Append and truncate in HDFS

Versions: Hadoop 2.7.2

Making an immutable distributed file system is easier than building a mutable one. HDFS, even if initially was destined to not changing data, supports mutability through 2 operations: append and truncate.

This post presents these 2 operations more in detail. The first shown operation concerns append. The second part describes truncate.

Append explained

Append operation consists on adding new data at the end of the file. Thus, the file changes its length and probably the number of blocks. Append algorithm in HDFS can be resumed in following steps:

  1. The client sends append request to the NameNode
  2. The NameNode checks if file is closed - otherwise append is not allowed.

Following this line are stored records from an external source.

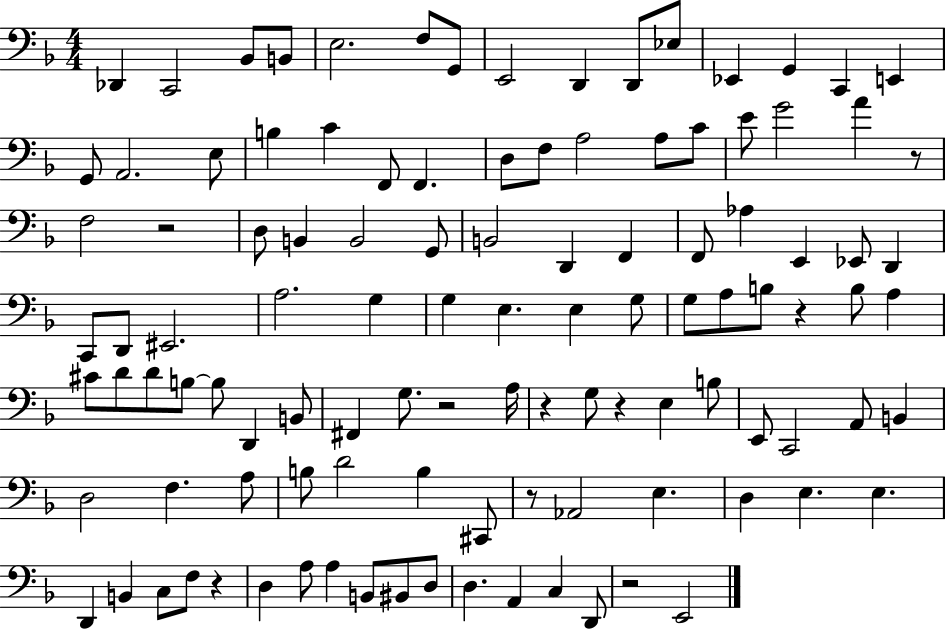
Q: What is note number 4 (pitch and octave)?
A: B2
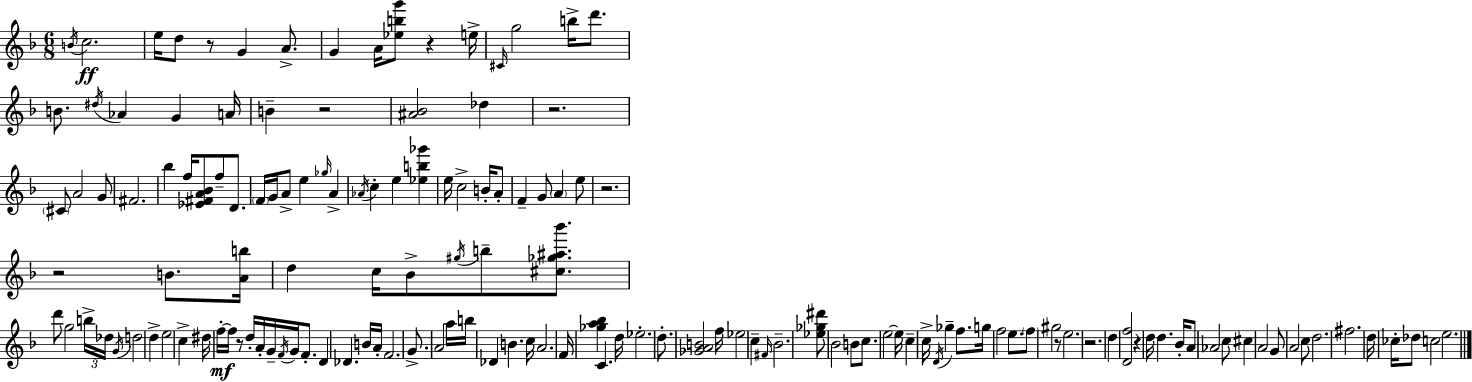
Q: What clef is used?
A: treble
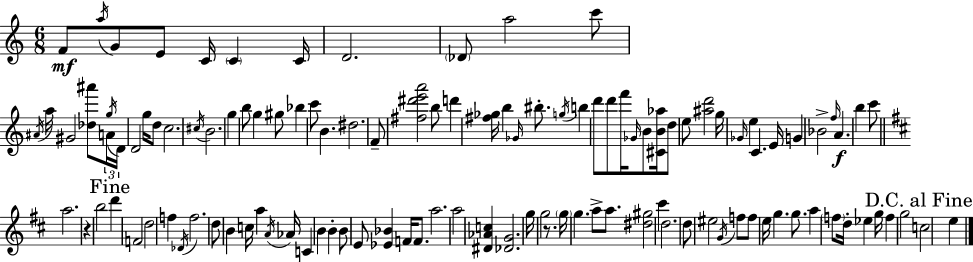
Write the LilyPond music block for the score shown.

{
  \clef treble
  \numericTimeSignature
  \time 6/8
  \key c \major
  \repeat volta 2 { f'8\mf \acciaccatura { a''16 } g'8 e'8 c'16 \parenthesize c'4 | c'16 d'2. | \parenthesize des'8 a''2 c'''8 | \acciaccatura { ais'16 } a''16 gis'2 <des'' ais'''>8 | \break \tuplet 3/2 { a'16 \acciaccatura { g''16 } d'16 } d'2 | g''16 d''8 c''2. | \acciaccatura { cis''16 } b'2. | g''4 b''8 g''4 | \break gis''8 bes''4 c'''8 b'4. | dis''2. | f'8-- <fis'' dis''' e''' a'''>2 | b''8 d'''4 <fis'' ges''>16 b''4 | \break \grace { ges'16 } bis''8.-. \acciaccatura { g''16 } b''4 d'''8 | d'''8 f'''16 \grace { ges'16 } b'8 <cis' b' aes''>16 d''8 e''8 <ais'' d'''>2 | g''16 \grace { ges'16 } e''4 | c'4. e'16 g'4 | \break bes'2-> \grace { f''16 }\f a'4. | b''4 c'''8 \bar "||" \break \key d \major a''2. | r4 b''2 | \mark "Fine" d'''4 f'2 | d''2 f''4 | \break \acciaccatura { des'16 } f''2. | d''8 b'4 c''16 a''4 | \acciaccatura { a'16 } aes'16 c'4 b'4 b'4-. | b'8 e'8 <ees' bes'>4 f'16 f'8. | \break a''2. | a''2 <dis' aes' c''>4 | <des' g'>2. | g''16 g''2 r8. | \break \parenthesize g''16 g''4. a''8-> a''8. | <dis'' gis''>2 cis'''4 | d''2. | d''8 eis''2 | \break \acciaccatura { g'16 } f''8 f''8 e''16 g''4. | g''8. a''4 \parenthesize f''8 d''16-. ees''4 | g''16 f''4 g''2 | \mark "D.C. al Fine" c''2 e''4 | \break } \bar "|."
}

If the file is closed, it moves to Under Construction state.
  3. The NameNode checks the last block of file: if it's full, the NameNode initializes new block that will hold appended fragment. If the block is not full, it will be used to handle new data.
  4. The pipeline is resolved: for fully block a new pipeline is created and for not full block the pipeline associated with this block is taken.
  5. Data is written as in the case of file creation: within specified pipeline.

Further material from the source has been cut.